My next immediate goal is to simplify writing map-reduce jobs for the above mentioned use cases or to the very least write down some guidelines. For instance, some of our dashboards are based on Firefox’s version numbers and not on build-ids, which is really what you want when you desire to make comparisons of Nightly on a weekly basis.

Another interesting thought would be to automatically detect differences in the dashboards and send alerts. That might be not as easy with the current data, since a quick look at the dashboards makes it clear that the rankings fluctuate quite a bit. We would have to collect daily reports and account for the variance of the ranking in those as just using a few weekly datapoints is not reliable enough to account for the deviation.

Regression detection for Telemetry histograms.

tldr: An automatic regression detector system for Telemetry data has been deployed; the detected regressions can be seen in the dashboard.

Mozilla is collecting over 1,000 Telemetry probes which give rise to histograms, like the one in the figure below, that change slightly every day.

Average frame interval during any tab open/close animation (excluding tabstrip scroll).

Average frame interval during any tab open/close animation (excluding tabstrip scroll).


Until lately the only way to monitor those histogram was to sit down and literally stare the screen while something interesting was spotted.

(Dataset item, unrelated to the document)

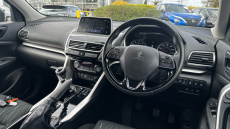 Mitsubishi Eclipse Cross 1.5 Dynamic 5dr Petrol Hatchback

Clearly there was the need for an automated system which is able to discern between noise and real regressions.

Noise is a major challenge, even more so than with Talos data, as Telemetry data is collected from a wide variety of computers, configurations and workloads. A reliable mean of detecting regressions, improvements and changes in a measurement’s distribution is fundamental as erroneous alerts (false positives) tend to annoy people to the point that they just ignore any warning generated by the system.

I have looked at various methods to detect changes in histogram, like

  • Correlation Coefficient
  • Chi-Square statistic
  • U statistic (Mann-Whitney)
  • Kolmogorov-Smirnov statistic of the estimated densities
  • One Class Support Vector Machine
  • Bhattacharyya Distance

Only the Bhattacharyya distance proved satisfactory for our data. There are several reasons why each of the previous methods fails with our dataset.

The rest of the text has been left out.